House Minority Leader Nancy Pelosi, D-Calif., and House Democrats who oppose her bid to become speaker next month are discussing the possibility of imposing term limits on party leaders, a Pelosi aide confirmed to Fox News Wednesday.
“There are various conversations going on about a path forward,” the aide told Fox. “Progress has been made and the conversations are constructive because all involved care about the institution of the House of Representatives.”
The Associated Press, citing people familiar with the talks, reported that new rules are being discussed that would likely limit party leaders to three two-year terms. If adopted, the proposal could restrict Pelosi to just two more years as Democratic leader.
The plan represents a narrowing of a package Democrats had considered that also would have restricted the number of years lawmakers could serve as House committee chairs. The idea of curbing the power of seniority has encountered blistering criticism from long-time lawmakers and members of the Congressional Black Caucus, several of whose members are in line to lead committees.

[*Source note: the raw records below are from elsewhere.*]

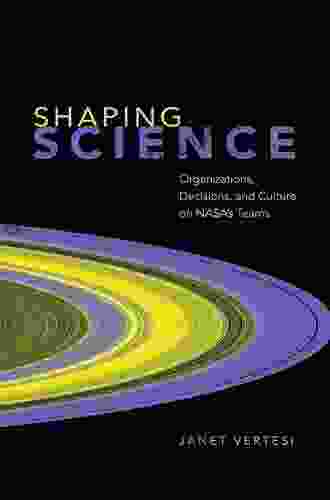 Shaping Science: Organizations Decisions And Culture On NASA S Teams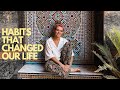 HABITS THAT CHANGED OUR LIFE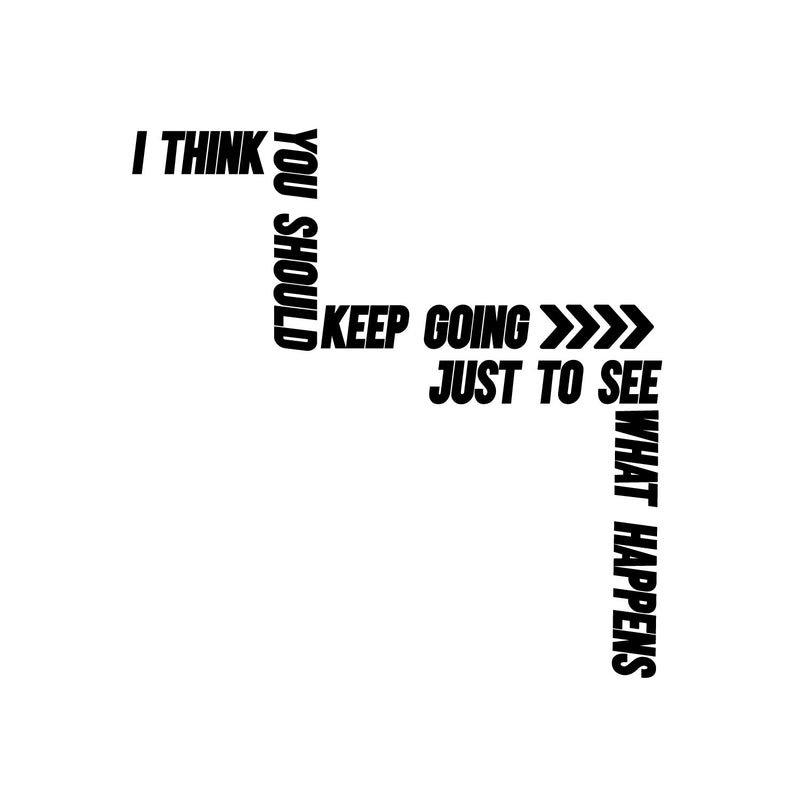 Vinyl Wall Art Decal - I Think You Should Keep Going - 26" x 25" - Trendy Motivating Positive Good Vibes Quote Sticker For Home Bedroom Living Room School Office Gym Fitness Decor 1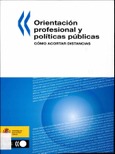 Orientación profesional y políticas públicas. Cómo acortar distancias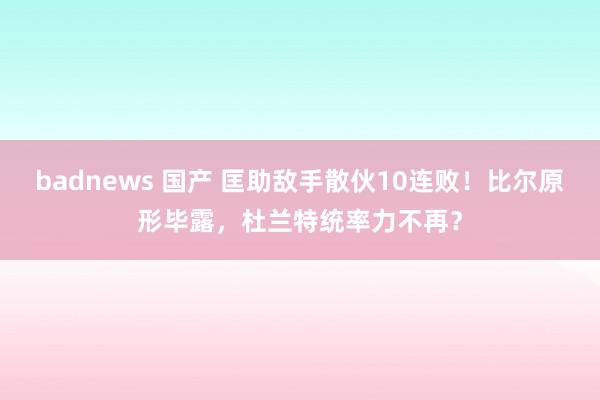 badnews 国产 匡助敌手散伙10连败！比尔原形毕露，杜兰特统率力不再？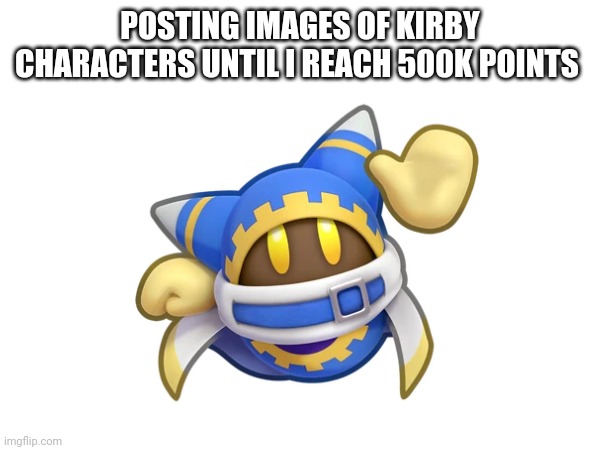 Day: 3 character: Magolor | POSTING IMAGES OF KIRBY CHARACTERS UNTIL I REACH 500K POINTS | image tagged in memes,magolor | made w/ Imgflip meme maker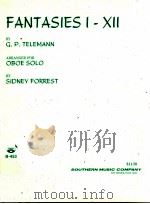 Fantasies I-XII arranged for Oboe solo by sidney forrest smc b-453   1989  PDF电子版封面    G.P.Telemann 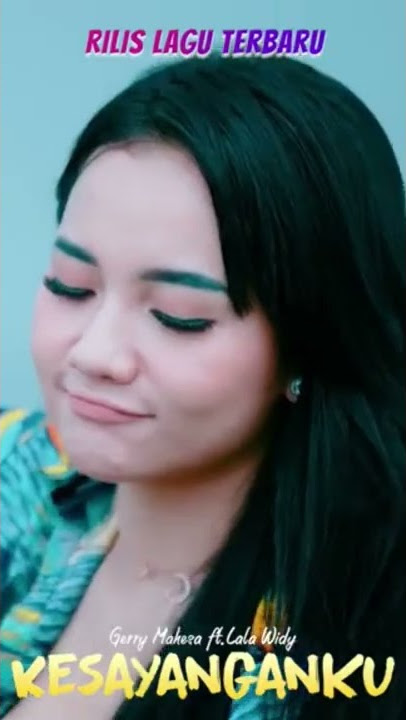 Kesayanganku || Gerry Mahesa ft Lala Widy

Pelosi will likely need 218 votes to return to the speakership when the full House convenes Jan. 3. Democrats will have at least 235 House seats — pending the final outcome of a disputed election in a North Carolina district — but a handful of Democrats have said it is time for change at the top of the caucus.
Party rebels say it’s time for Pelosi and her two top lieutenants, No. 2 leader Steny Hoyer of Maryland and No. 3 leader Jim Clyburn of South Carolina, to step aside and make room for a new generation. Pelosi, 78, has led House Democrats since 2003 while Hoyer, 79, and Clyburn, 78, have also led for years.
Under the proposal reported by AP, prior terms as leaders while Democrats had the majority would count. That could well mean Pelosi, Hoyer and Clyburn would have one term left as leaders.
They could win a fourth term but by a supermajority vote, perhaps a two-thirds margin. Several Democrats said that seemed unlikely at a time when ambitious rank-and-file members are eager to ascend the leadership ranks.
Rep. Cedric Richmond, D-La., Congressional Black Caucus chairman, criticized the proposal. He said party leaders are “people who’ve earned it” and added, “I don’t see what problem we’re trying to fix.”
Democrats said they would consider whether to clamp term limits on committee chairs early next year.
The Associated Press contributed to this report.